#### Data extract ####

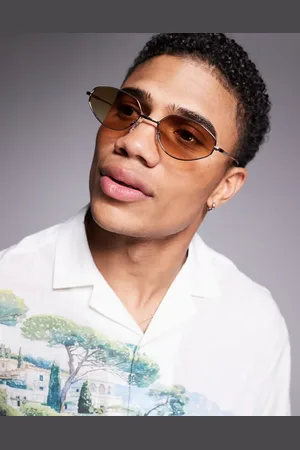 ASOS Angled oval sunglasses in pale metal with brown lens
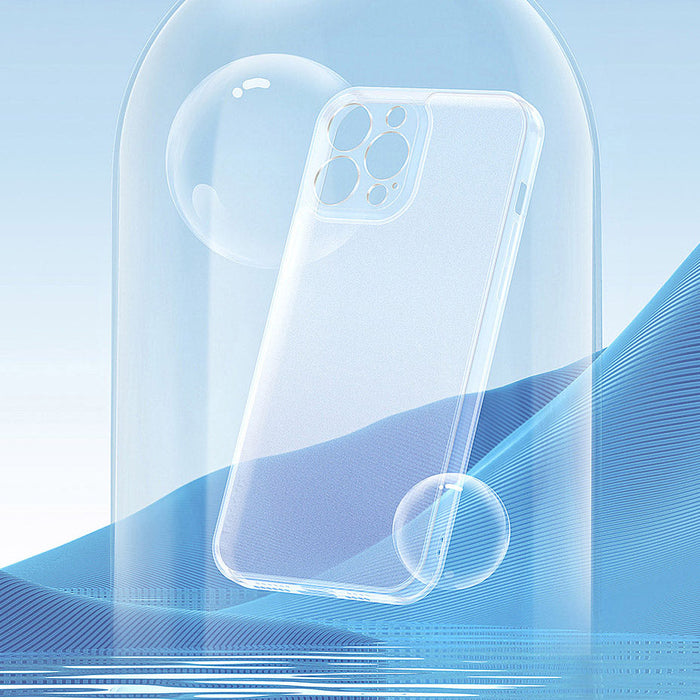 Baseus Frosted Glass Case Cover for iPhone 13 Pro Max Hard Cover with Gel Frame Transparent (ARWS000802) - Cell phone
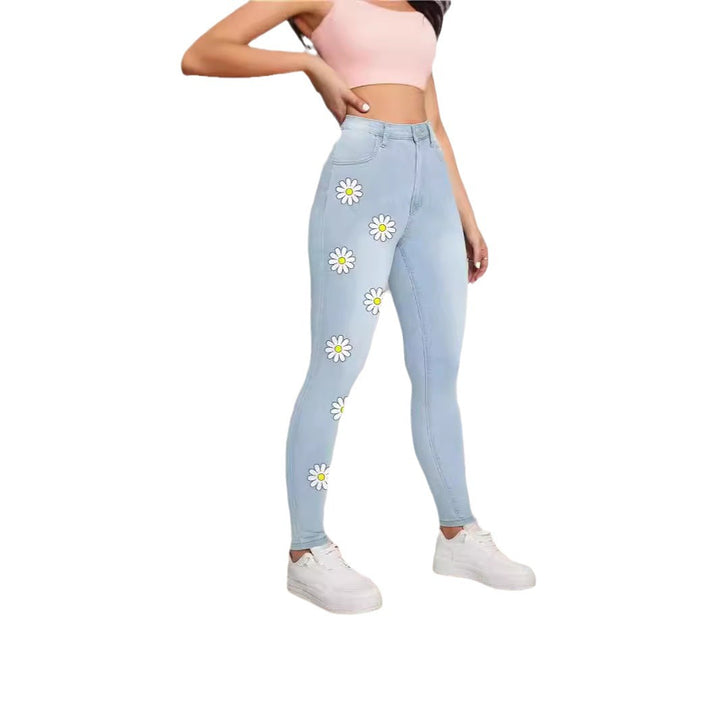 Women's High-Waist Skinny Jeans with printed Daisies and figure-shaping Stretch Mune Fashion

####

**Problem to work on:** Could you give the listing above again word for word, without any pictures?

**Exercise result:**
 ASOS Angled oval sunglasses in pale metal with brown lens
 Baseus Frosted Glass Case Cover for iPhone 13 Pro Max Hard Cover with Gel Frame Transparent (ARWS000802) - Cell phone
 Women's High-Waist Skinny Jeans with printed Daisies and figure-shaping Stretch Mune Fashion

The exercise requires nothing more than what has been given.